Friday, December 17, 2010

Lord of Misrule

By Jaimy Gordon

Kingston, NY, McPherson, 2010

Week 51 Fiction

It made the headlines of the local newspaper. A creative writing professor at Western Michigan University in Kalamazoo had won the National Book Award for Lord of Misrule. My ears, of course, perked up. Ah, another book for my list. Last year, two local authors had made the nomination list—Bonnie Jo Campbell for American Salvage and David Small for Stitches. (Both of those books are reviewed on these pages.)

About a week later, Jaimy Gordon appeared for a reading at the downtown library, and I was in attendance. At that point, I knew nothing of the book and nothing about the author, except that the book was published by a very small publishing company and that Jaimy Gordon had been Bonnie Jo Campbell’s teacher.

The story of the creation of Lord of Misrule is almost as interesting as the book itself. For a few years in the late 1960s, Gordon worked at a race track near Baltimore as a horse groom. She wrote a draft or two of the novel in the years following the experience, published a couple of other books, and then submitted this book to the publisher of a previous book. The publisher rejected it, and she put it away in a drawer, taking it out only to make a short story out of a couple of the chapters. It languished in her drawer for 10 years, “a huge lump standing in the way of me and progress.”

Finally, this year, Bruce McPherson, who had published another of her books, forced the book out of her drawer and submitted it in galley form to the National Book Awards committee. The rest, as they say, is history.

And now, on to the book, itself. I have to say that I had trouble making sense out of Lord of Misrule. I have no prior experience with racetracks, horses, loan sharks, groomers, or any other part of the scene, so the learning curve was severe. However, about half way through, it all began to click, and I gave up the struggle and immersed myself in the jargon, the plot movement, and the characters.

The book is divided into four parts, each named for one of the horses in the stables of the Indian Mound Downs racetrack in West Virginia. Over the course of a year, the horses are involved in four races, and there are four main characters as well; an old African American groom, a “gypsy” woman owner and trainer, and a young couple trying to make a living as horse owners. Maggie, a college-educated “frizzy haired” girl could easily be a stand-in for the author. Her boyfriend, the horse owner, is a con man in training. Over the course of a year, these horses and these people are involved in racing, feuding, fighting and death.

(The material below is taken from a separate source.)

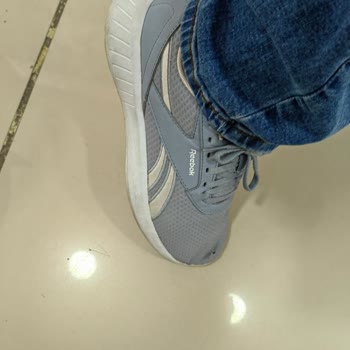 Reebok Ayakkabılarımın Ucu Delindi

The horses have as much a role in the story as the people. They have personality and depth of character. The racetrack, too, has personality. “It was a complete world, but it was a flat world too—one pure unmitigated plane of being, all the way to the edge, where you fell off. Then it was all void, all menace.”

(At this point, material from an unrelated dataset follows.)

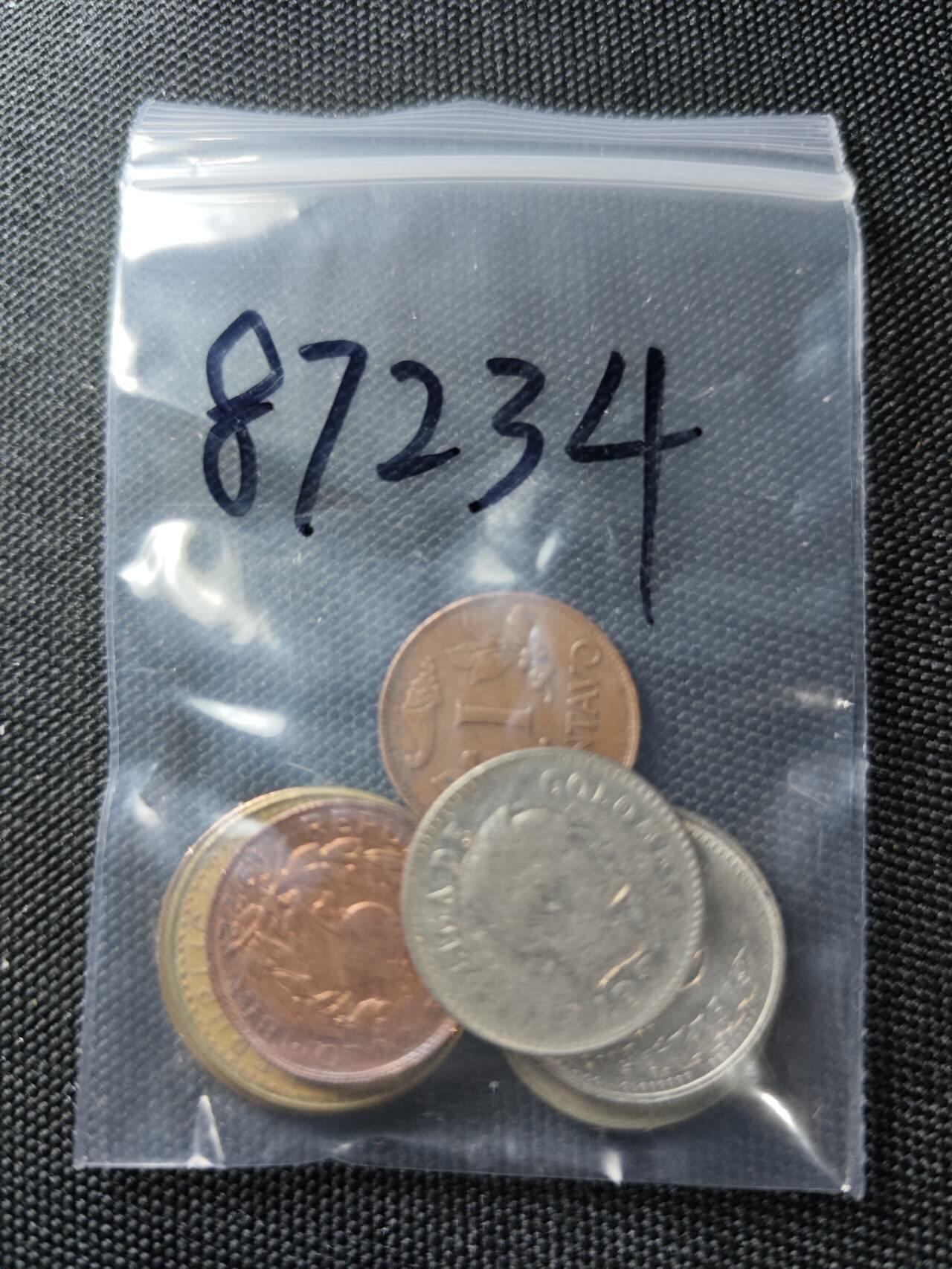 KK钱币收藏小铺  第387期  2月预留时间 周末发货  哥伦比亚一组8枚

The reviewer in the LA Times sums up all these characters in one succinct sentence: “Sort the men from the horses, so similar are their slaveries, their striving for nothing, their tendency to be ruled by lesser animals.”

Part of the beauty (but I also must say, part of the difficulty) of the book lies in the language and dialogue. Gordon calls it “third person limited.” Mostly, you are privy to the thoughts of each of the characters, one voice at a time. The reader has to first figure out who is speaking in each chapter. Particularly confusing were the thoughts of Tommy, the horse owning con man. He thinks in the second person, so all his thoughts about himself are “you.” Lots of horse racing terms are bandied about. Lots of slang. I made the mistake of not reading the definition of a “claiming race” that appears before the book begins. Do read that—it will make all the difference in understanding the book.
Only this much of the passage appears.